Nach dem Sinn des heutigen Freitags zum Beispiel, des morgigen Samstags und des gestrigen Donnerstags gleich mit. Nach dem Sinn von Herzschmerz und Ungerechtigkeit, von alltäglichen Erfolgen und immer wieder aufs Neue gemachten Fehlern… und was soll das überhaupt mit diesen hässlichen Zehensocken? Ich sitze alleine auf jener Parkbank, mein Blick schweift in die Ferne.
Direkt neben mir suchen zwei Krähen die noch immer sattgrüne Wiese geduldig nach Essbarem ab. Ob die Krähen sich fragen, worin der Sinn besteht zu essen? Zu krähen? Geduldig auf der Wiese umherzuhüpfen und irgendwann davonzufliegen? Jeden Morgen (sind Krähen morgens müde?) die Flügel zu recken und in einen neuen Tag zu schweben? Vermutlich nicht. Wieso stellt man sich Fragen, auf die man mit ziemlich üppiger Wahr-scheinlichkeit keine Antwort erhalten wird? Weder von sich selbst, noch von anderen. Ha, erwischt. Mal wieder.
Und weshalb fühlt es sich seit jeher so an, als wären passende Antwor-ten auf all die Fragen, die einen Tag für Tag und Nacht um Nacht umtreiben, »der ominöse Schlüssel zum Glück« – und wenn nicht zum Glück, dann zumindest zu so etwas wie Verlässlichkeit? Hast du dir schon einmal überlegt, dass du eigentlich gar nicht lebst, während du nachdenkst? Nicht wirklich, meine ich. Nicht in Echtzeit.
Ja, nun. Bin ich die Einzige hier, die in Echtzeit leben bisweilen eine ganz schön beängstigende Vorstellung findet?
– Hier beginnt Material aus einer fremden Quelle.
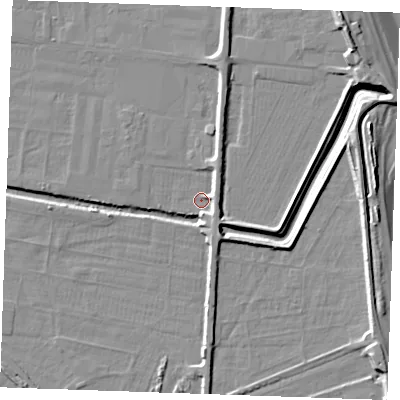 Shaded relief map of the ground around PE251LF, computed from Environment Agency LiDAR. The ground here sits at about 2 m above sea level and falls 10 m across the surrounding 800 m. Surface water reaching this point runs off ground lying to the south-east, 3.7 m higher.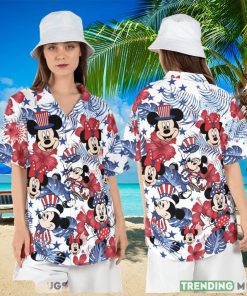 Disneyland Independence Day Hawaiian Shirt Disneyland Hibiscus Hawaii Mickey Minnie 4th of July Short Sleeve Shirt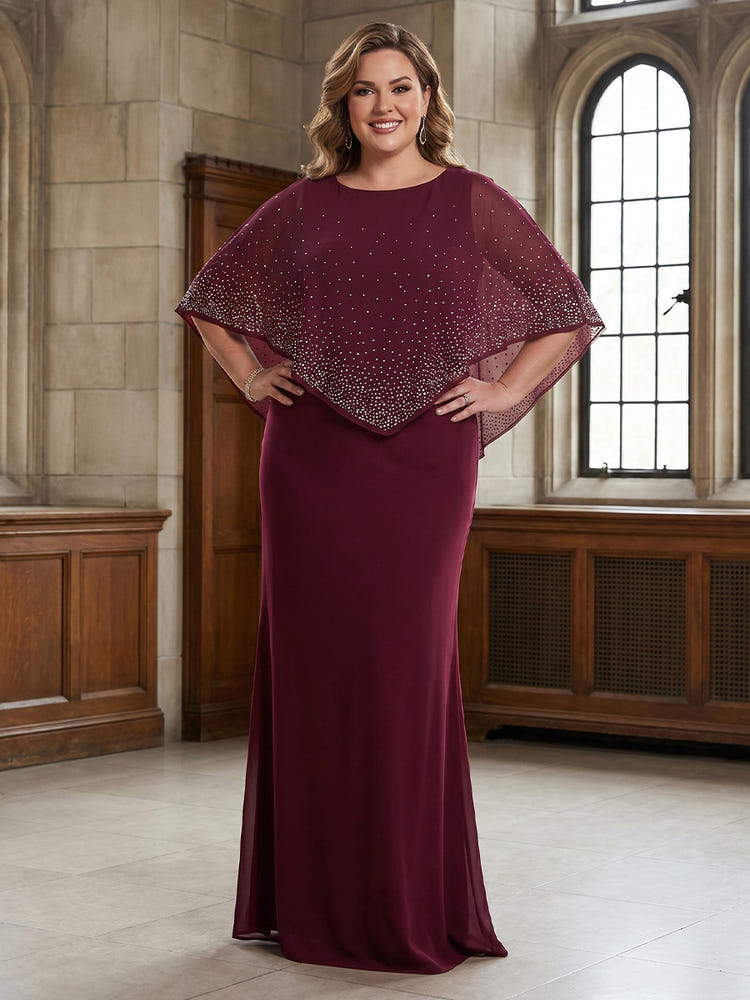 Chiffon Mermaid Crew Neck Plus Size Mother of the Bride Dresses with Caps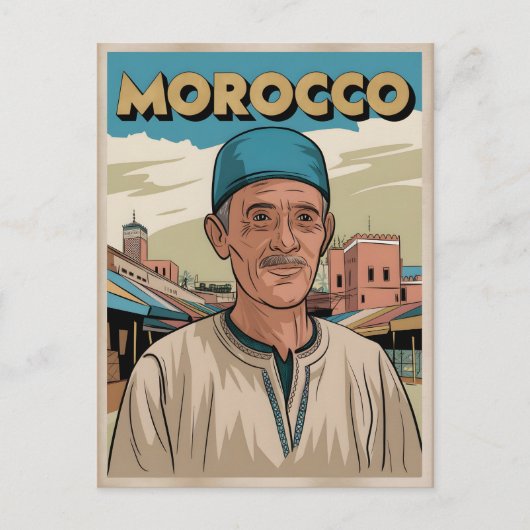 Marokko Travel briefkaart met lokaal man cadeau (Voorkant)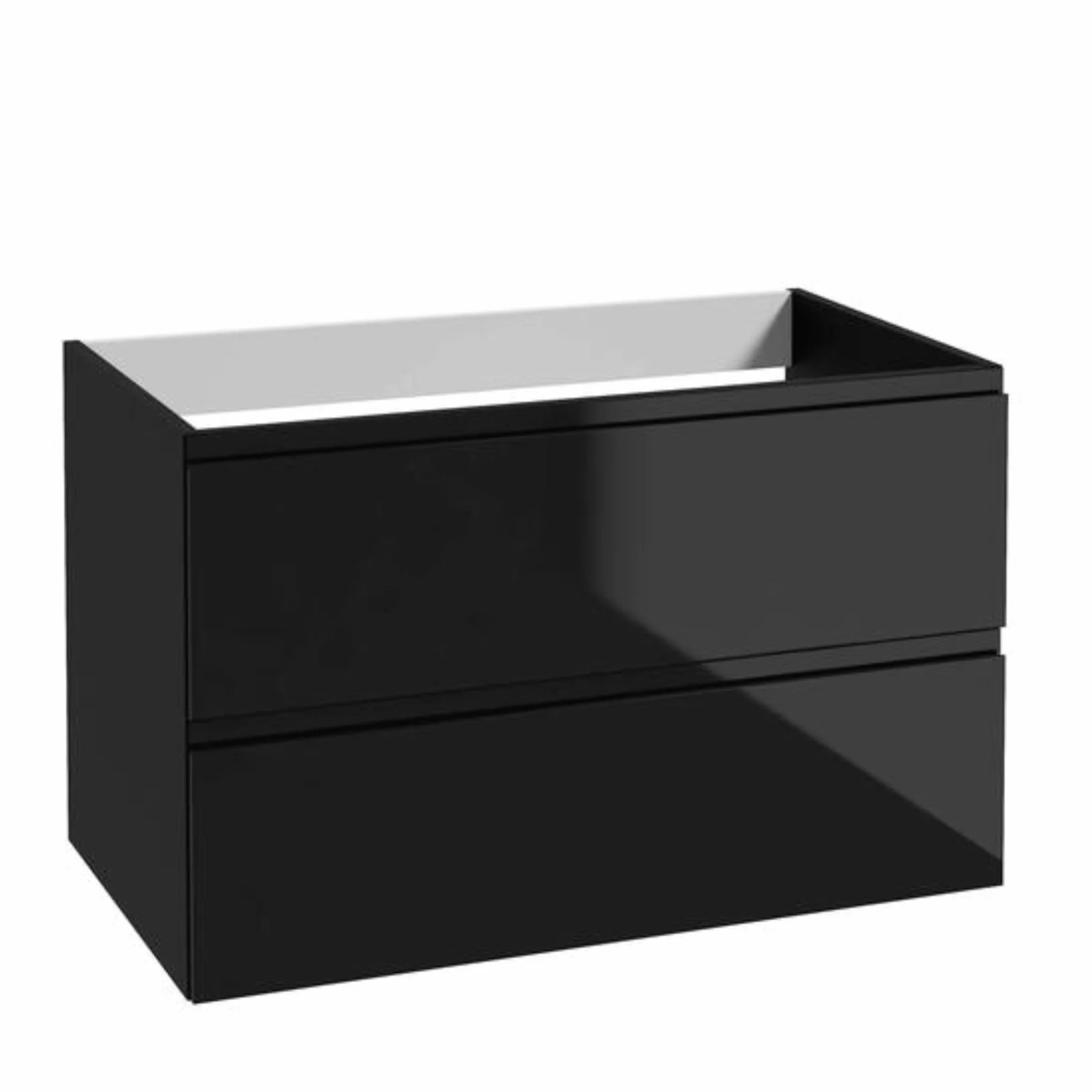 .Deftrans Armario Inferior para Lavabo Colgante con cajones, Color Negro, 80 x 50 x 46 cm, Armario de Pared sin Placa de Lavabo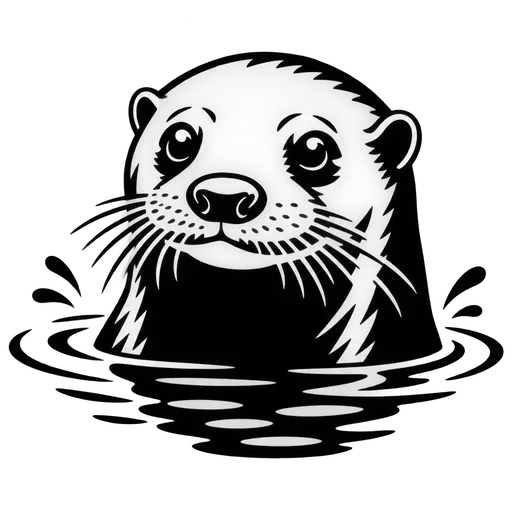 Adorable Otter SVG Design cut file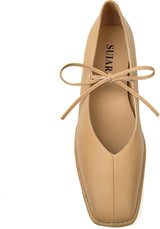 Lace up Ballet Flats Women Square Toe Mary Jane Flats Bow Slip On Comfortable Ballerina Shoes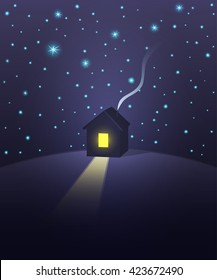 House under a starry sky. Vector illustration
Nein, alleine bin ich damit wohl nicht. So manche von uns fürchten sich offenbar vor nichts und niemandem mehr, als vor eben jenem L E B E N.
Ich sitze noch immer auf meiner einsamen Bank – mittlerweile friere ich – und lege den Kopf schief, als ich die Krähen neben mir geräuschvoll davonfliegen höre. Sag, macht auch bloss irgendein Wort der letzten einunddreissig Zeilen irgend so etwas wie Sinn?